Paid, Earned, and Owned Media: Covering Your Bases

In Internet marketing, there are three major areas a brand needs to think about: paid, earned, and owned media. Many brands think that as long as they have their owned media in order, or perhaps owned and paid, then they should be fine. But if a brand doesn't keep an eye on all three areas, then unseen problems can occur, creating long-lasting challenges.

What are these three media categories and why should your brand stay on top of each? Let's discuss.

Image Credit: Gavin Llewellyn Image Credit: Gavin Llewellyn


Owned media is any type of media that your brand manages completely. Think of it like retail locations. You decide the furniture, the signage, the music—the entire experience within that contained environment.  Some Internet equivalents of this are your website and email campaigns, among others. You determine the branding, the delivery, the user experience, and so on. It's all tightly controlled by your marketing team.


Paid media, as you might guess, is anything you're paying for. Pay Per Click (PPC) advertising is paid media. Sponsored content with online publishers is paid media. You are still controlling the branding and the messaging, but you're utilizing monetary resources to boost your reach and exposure.


Earned media is something that brands have only in recent years recognized that they need to manage as well. Social media, influencer marketing, social sentiment, and online mentions are all earned media. While you control the information in your social media profiles, you can't control what people say about you on social media. Therefore, this area needs a bit of finesse to manage effectively. 

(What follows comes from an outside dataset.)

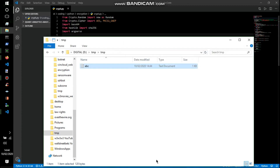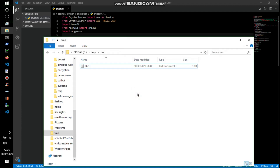If there's any error in the encryption or decryption process, the script lets you know, so you don't sit there thinking your links are encrypted when they're not. That would be one of the worst situations — for example, if police raided and you thought your files were encrypted but they weren't.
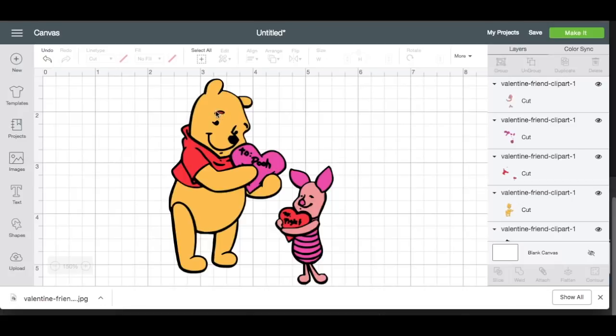Now you know how to upload an image into Design Space, and you know how you can either do a print then cut, or you know how you can layer it. I hope this was helpful. I know Winnie the Pooh has a creepy red eyebrow, but I missed that. So if you found this helpful, make sure you leave me a comment, like this video, subscribe to my channel, and don't forget to hit the bell so you get notified. Happy crafting!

It's not enough to handle one area particularly well—whether it's paid, earned, or owned. Because each impacts the other, and the lines blur between them, each requires special attention. For instance, social media can cross over between all three categories. 

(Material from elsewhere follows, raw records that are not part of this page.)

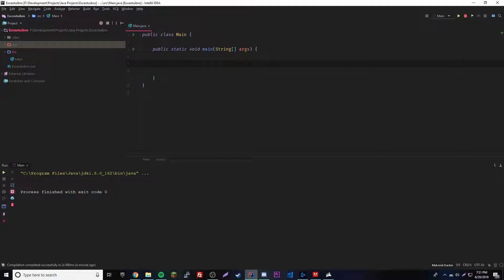Then we have the join() method, which is a little more complicated. Basically it's a method that tells other threads not to run until that thread is finished. It's a little confusing but we'll get right into it and see how it works.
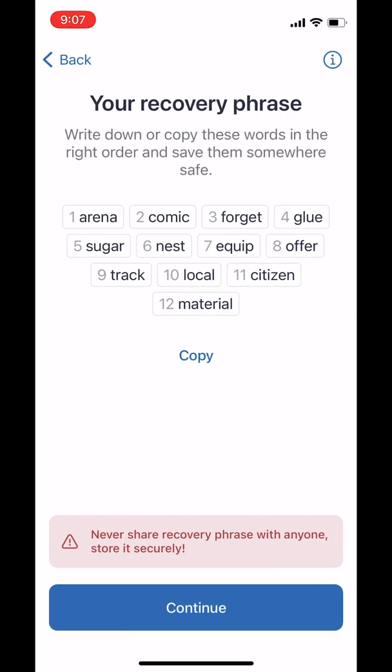This is the point where you will want to take some time. You should write down these words on a piece of paper and store them in a safe. Better yet, you can obtain a metal recovery key phrase storage device, which is fireproof and waterproof, and store that somewhere as well.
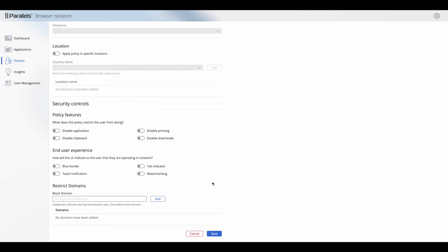We can also restrict domains inside a policy. For a web application that's not so relevant because by default a web application is restricted already. But in a secure browser, which is open by default, this allows you to restrict which domains that secure browser can access.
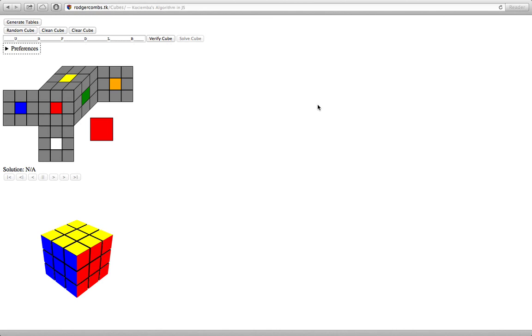Hello, YouTube. Today I'm going to show off a little program that I wrote quite a while back. I don't remember exactly when I set this up, but I can't claim credit for the whole thing. This actual algorithm was developed by a guy called Cosiemba. I'll link the original algorithm in the description.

Let's look at Facebook as an example. Your Facebook profile is owned by your brand. You manage the profile images, the links to your website, and the message in the description. But if you allow customers to post comments on your page (which you should!), then those comments and engagement are earned media. Then if you boost your posts through advertising (again, something you should do), you are moving into the paid media category.

Each Is Distinct But There is Overlap

But while many marketing activities flow between the three media categories, marketers must remember the distinctions and handle situations according to their unique traits. You shouldn't treat Facebook pages as owned entirely because if you delete feedback from customers, you will likely incite backlash. Further, if you don't boost your social media posts through paid advertising, then your audience will probably miss them.

Now think about native advertising. Let's say you partner with an online publisher and they write an article about your company. Or you create the content and deliver it to the online publisher. In either case, you essentially have paid media that will encourage earned media through online sharing of the article and comments from readers.

Marketers need to keep the big picture in mind. Think about how each marketing tactic you utilize will influence other efforts. Remembering this will prevent you from being blindsided by the ripple effect. Members of your marketing team need to keep each other informed so that they can support each other through paid, earned, and owned media campaigns. Use all the resources at your disposal for the best possible impact among your consumer base.